Gate lithography quality control

Semiconductor process quality control assesment

Sample size determination for hypothesis testing

The target gate critical dimension (CD) is 32.0 nm

target=32.0

We would like to perform this test at an alpha=0.05 level of significance, and for the test to have a power of 1-beta = 0.85 at detecting a mean shift of 0.1nm from the target.

alpha = 0.05
power = 0.85
beta = 1-power
delta=0.1

A collection of n=10 presamples (in nm) yielded the following data: 31.6, 32.1, 31.9, 31.7, 32.2, 31.8, 32.0, 31.5, 31.9, 31.7

presamples= c(31.6, 32.1, 31.9, 31.7, 32.2, 31.8, 32.0, 31.5, 31.9, 31.7)

Determine how many samples must be collected to achieve the desired alpha and beta errors.

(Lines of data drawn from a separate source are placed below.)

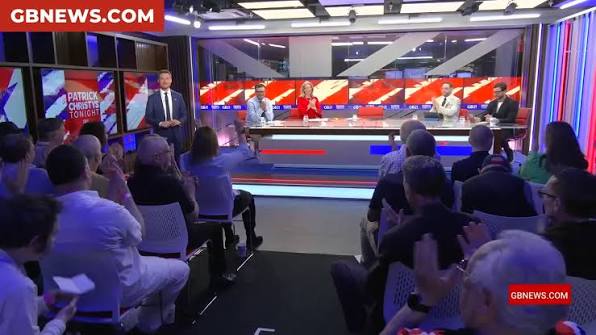 Rachel Reeves HECKLE row: Adam Brooks in EXPLOSIVE debate over confronting  politicians, Beat the system with TallyMoney. Gold you can spend. Discover  more here: , ...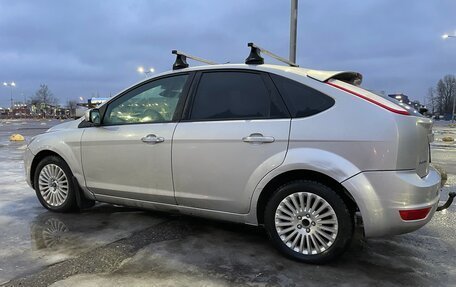 Ford Focus II рестайлинг, 2011 год, 530 000 рублей, 6 фотография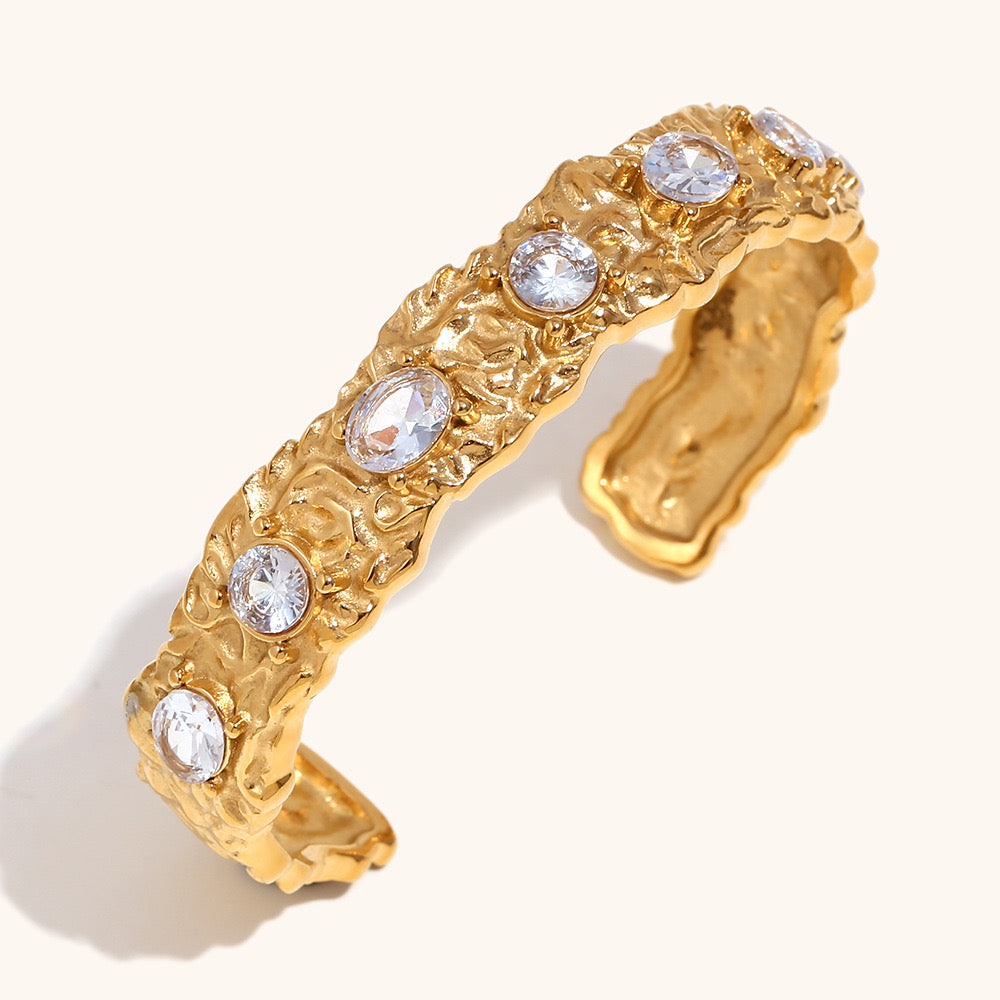 Angela Big stones collection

power.t.test(n=NULL, delta = delta, sd=sd(presamples), sig.level=alpha, power=power,type='one.sample',)

## 
##      One-sample t test power calculation 
## 
##               n = 46.25362
##           delta = 0.1
##              sd = 0.2221111
##       sig.level = 0.05
##           power = 0.85
##     alternative = two.sided

Given the requirements, 47 samples are needed to achieve the given alpha and beta errors.

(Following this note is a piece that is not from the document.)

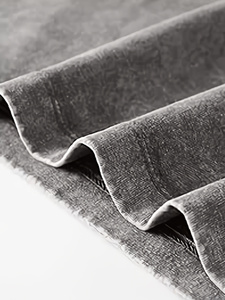 Custom Logo Streetwear Oversized Heavy Cotton <b>Men's</b> T-<b>Shirts</b> Graphic High Quality Print Heavyweight Acid Wash Vintage t <b>Shirt</b> - Product Image 5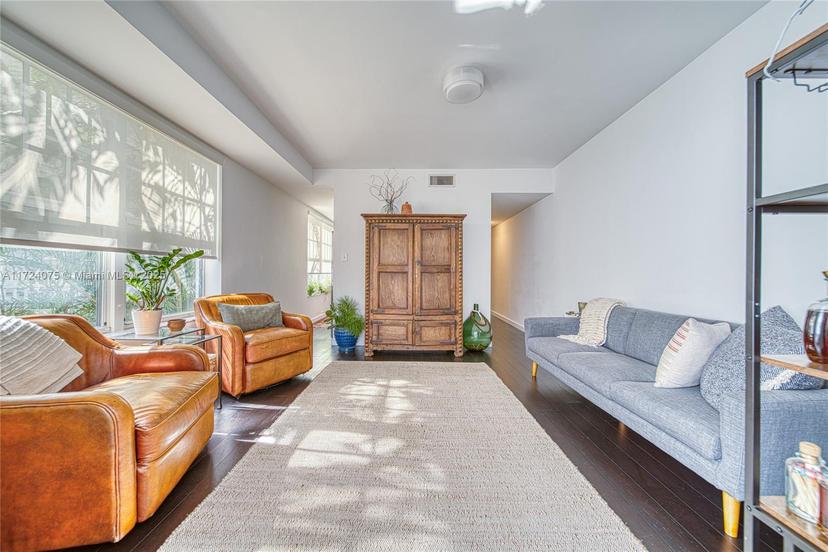 Picture of 1528 Drexel Ave # 1A, Miami Beach FL 33139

Following the determination of and the collection of data, the following data was obtained.

real_samples=c(31.6, 32.1, 31.9, 31.7, 32.2, 31.8, 32.0, 31.5, 31.9, 31.7, 
32.1, 32.0, 32.1, 32.3, 31.9, 31.9, 32.3, 32.2, 31.9, 32.1, 
31.9, 31.9, 32.1, 31.6, 31.6, 31.9, 31.8, 32.1, 31.8, 31.7, 
32.3, 32.0, 32.0, 31.7, 31.9, 32.0, 31.7, 32.1, 31.9, 31.9, 
31.9, 32.4, 32.0, 31.8, 32.2, 31.7, 31.9 )

Plot a histogram and boxplot of the data. Perform the appropriate t-test and state conclusions.

# boxplot
boxplot(real_samples,
        main = "Boxplot of gate CD measurements (Tool 1)",
        ylab = "Gate CD (nm)",
        col = "lightblue",
        border = "darkblue")

grid(nx = NA, ny = NULL)

# histogram
hist(real_samples,
     main = "Histogram of gate CD measurements (Tool 1)",
     xlab = "Gate CD (nm)",
     col = "lightgreen",
     border = "darkgreen",
     breaks = 10)

grid(nx = NA, ny = NULL)

t.test(real_samples, mu=target,)

## 
##  One Sample t-test
## 
## data:  real_samples
## t = -2.1047, df = 46, p-value = 0.04081
## alternative hypothesis: true mean is not equal to 32
## 95 percent confidence interval:
##  31.87512 31.99722
## sample estimates:
## mean of x 
##  31.93617

Given the results of the t test, the process mean deviates from the 32 nm target. This was deduced because p<alpha, so we reject the Null hypothesis. The process mean has statistically significant difference from the 32nm target.

Lithography tools

A fab is evaluating two different lithography tools to determine whether they produce wafers with the same mean gate CD.

alpha=0.05
power=0.9
delta=0.2


power.t.test(n=NULL, delta = delta, sd=sd(real_samples), sig.level=alpha, power=power,type='two.sample',)

## 
##      Two-sample t test power calculation 
## 
##               n = 23.71388
##           delta = 0.2
##              sd = 0.2079146
##       sig.level = 0.05
##           power = 0.9
##     alternative = two.sided
## 
## NOTE: n is number in *each* group

From our testing, 24 samples should be collected from the second population (Tool 2) and used in the two-sample t-test alongside the existing Tool 1 data.